Zenzile – Pawn Shop

Zenzile, voici un nom qui réactive dans les tréfonds de ma mémoire le souvenir d’une période de vie désinvolte, hédoniste et (heureusement ?) révolue. C’est l’époque de l’émergence des Tryo et autres Sinsemilia qui, en plus de permettre aux dreadeux de supplanter des skateurs en baggy/vans dans le coeur des lycéennes, m’ont permis de découvrir le merveilleux monde des festivals d’été m’attirant à coup de reggae, de gros jokos et de biture. A coté de ces blockbusters, la scène dub française, plus orthodoxe et donc plus confidentielle, montrait le bout de son nez prometteur. Les pionniers s’appelaient High Tone, Ez3kiel ou Zenzile, et leurs concerts étaient de jouissives séances de lobotomie collective. Ça, c’était au début des années 2000.

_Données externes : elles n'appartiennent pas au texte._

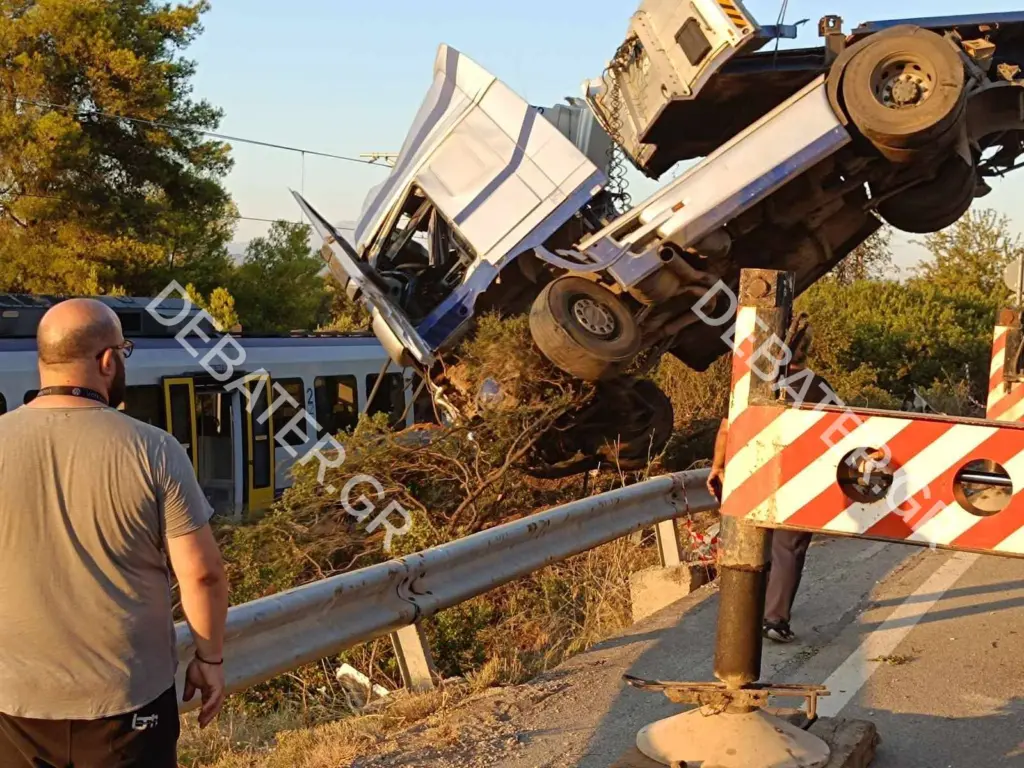 Εύβοια: Συνελήφθη ο οδηγός του φορτηγού που συγκρούστηκε με τρένο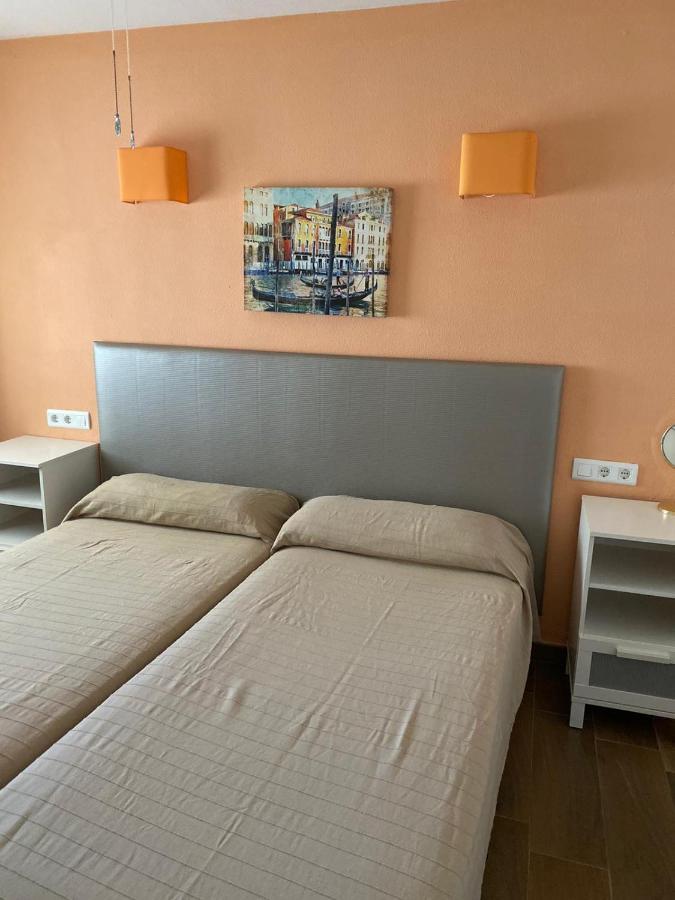 Apartamentos Sol Y Playa Torremolinos Exterior foto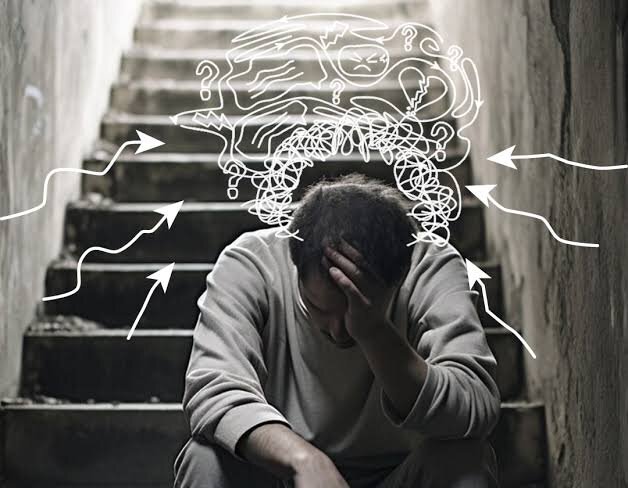 نشخوار فکری؛ چرا در گذشته گیر می‌کنیم؟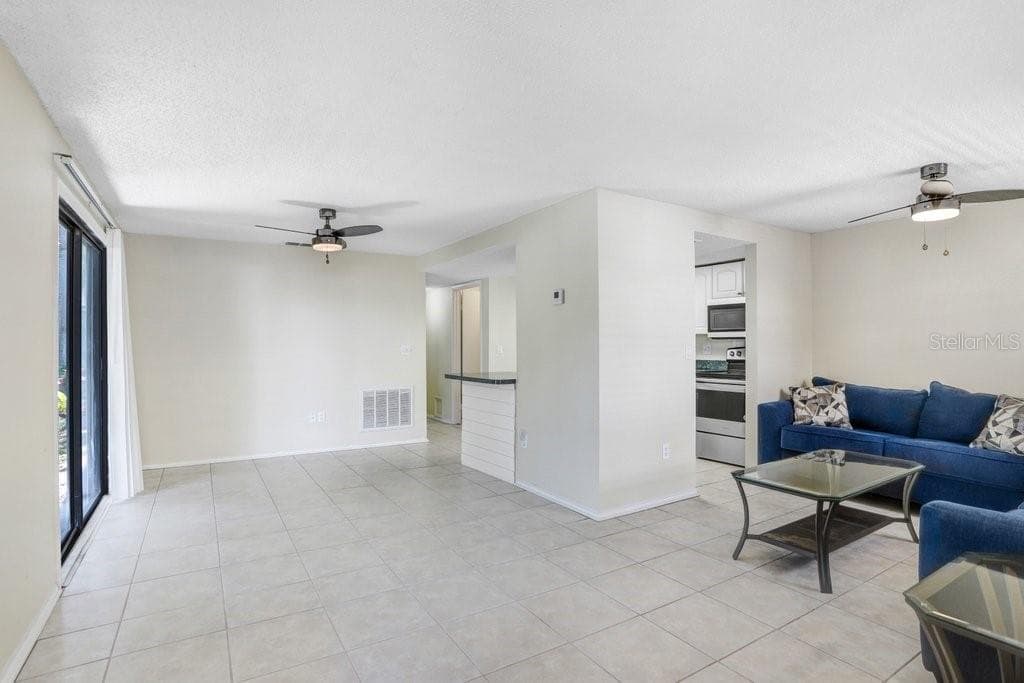 134 Sycamore Ln #F photo 4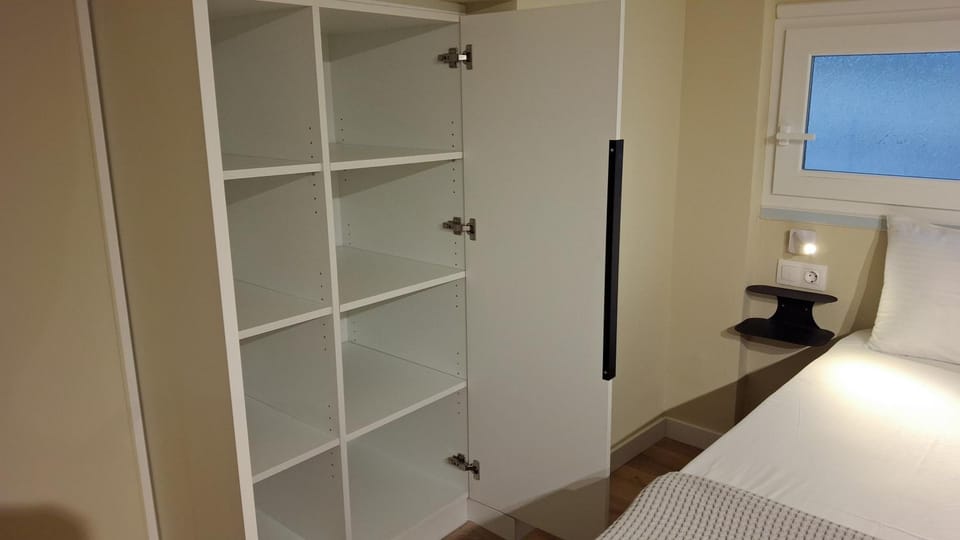Bed, Photo of the whole room, Bedroom, wardrobe
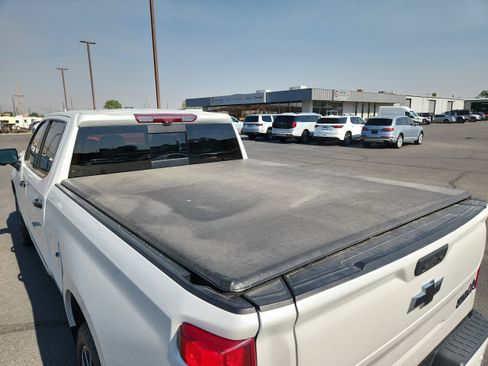 Used 2023 Chevrolet Silverado 1500 High Country w/ Technology Package AWD/4WD image 29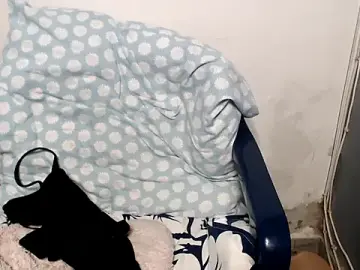 Nikimillers  live sex cam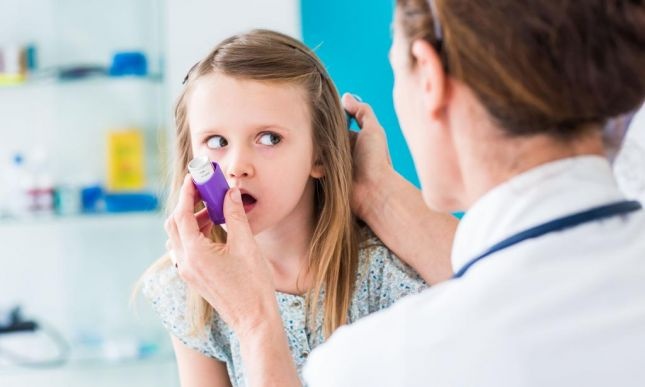 إليك هذا النظام الغذائي البسيط لحماية طفلك من الربو!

Aujourd’hui, le monde du travail a eu raison de mon intérêt pour les excès en tout genre ainsi que pour le dub – voire pour le reggae en général. Tryo s’inspire davantage de Laurent Voulzy et Gerald de Palmas que de Peter Tosh, pendant que Sinsemilia persévère dans l’exploration des abysses musicales. Alors que j’ai oublié jusqu’à leur existence, Zenzile réapparait dans ma vie sous la forme d’un email annonçant la sortie d’un nouvel album ‘Pawn Shop‘. J’accueille cette nouvelle de façon mitigé. Zenzile a beau me rappeler de bons souvenirs de concerts, il est bien connu qu’un album de dub est toujours immensément chiant, et qu’il n’y a pas de raison que ça change.

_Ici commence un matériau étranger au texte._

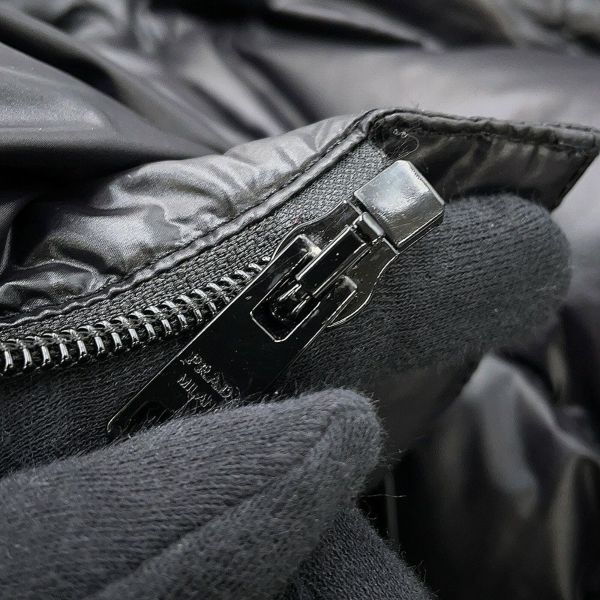 プラダ ダウンジャケット クロップド ベスト/ジャケット トライアングルロゴ レディースサイズ40 291805 PRADA アウター 黒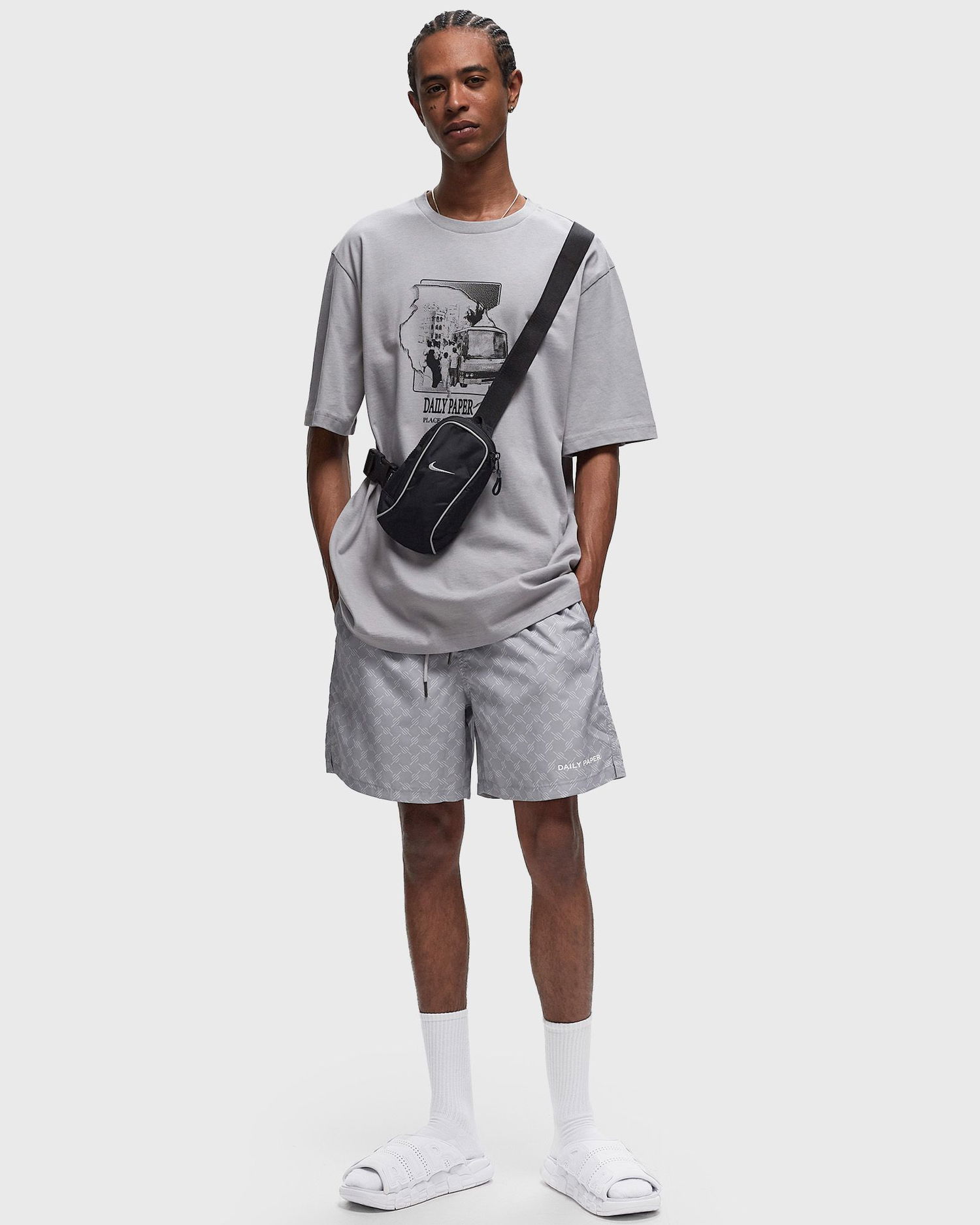 T-paita DAILY PAPER Place of Origin Tee Harmaa | 2413010, 1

Grossière erreur. ‘Pawn Shop‘ est un album entrainant qui s’écoute le sourire aux lèvres. Certes, ce n’est pas du dub pur et dur. Et franchement, on a envie de dire : Dieu merci. Zenzile a consciencieusement épuré les gimmicks du genre. Fini les Haïle Selassié I, les Fire inna Babylon et autres clowneries soulignées par des reverb lourdingues. La musique gagne en sobriété et l’auditeur en confort.

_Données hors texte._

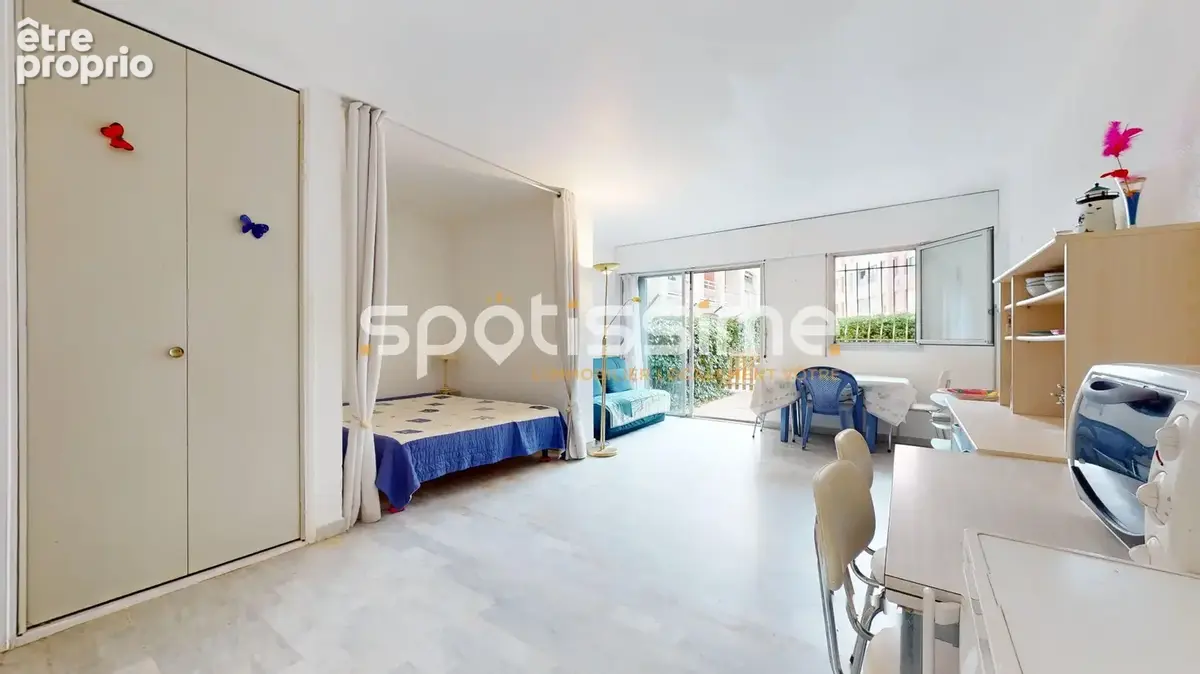 Cap d'Agde  Centre Port  Grand studio cabine en rez-de-jardin avec 22 m² d'extérieur - photo 3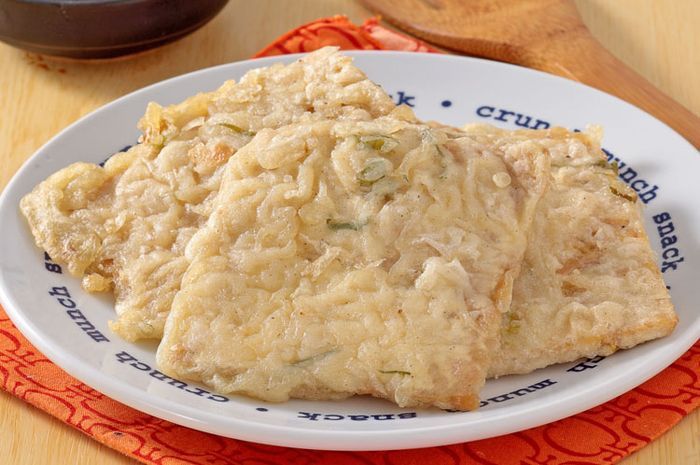 Sajian tempe mendoan untuk camilan malam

Autre atout, les machines sont discrètes, on distingue aisément la batterie, les basses, les synthés et autres guitares. Ainsi, la clarinette de ‘White Spirit‘, l’arpège délicat de ‘Thursday Night Rover Disco‘ et de façon générale les excellentes lignes de basse donnent un caractère organique et vivant aux différents morceaux. De même, contrairement aux standards du dub, les titres ne dépassent pas les 5 minutes. Cette concision alliée au chant badin à mille lieues des voix reggae/ragga, et à l’interprétation instrumentale permet à Zenzile d’explorer des chemins plus rock sans choquer l’auditeur.
Motorbremsen‘ mélange un rock minimaliste avec les crissements qui ont fait le succès de Daft Punk sur ‘Rollin and Scratchin‘ pour un résultant convaincant. ‘Mind over matter‘ a tout de la bluette des versaillais de Air, à savoir qu’elle nous fait aimer des choses qui nous semblaient niaiseuses 10 secondes avant le début de la chanson (© [team]theghostchild[/team]), tandis que ‘Fire Eater‘ se lance à l’assaut des dancefloors avec un groove que Beth Ditto de The Gossip n’aurait pas renié.

Sans faire beaucoup de bruit, Zenzile avance ses pions et fusionne son dub épuré avec un rock du plus bel effet. Avec ses morceaux agréables et son ambiance sereine ‘Pawn Shop‘ est la bonne surprise de cet automne.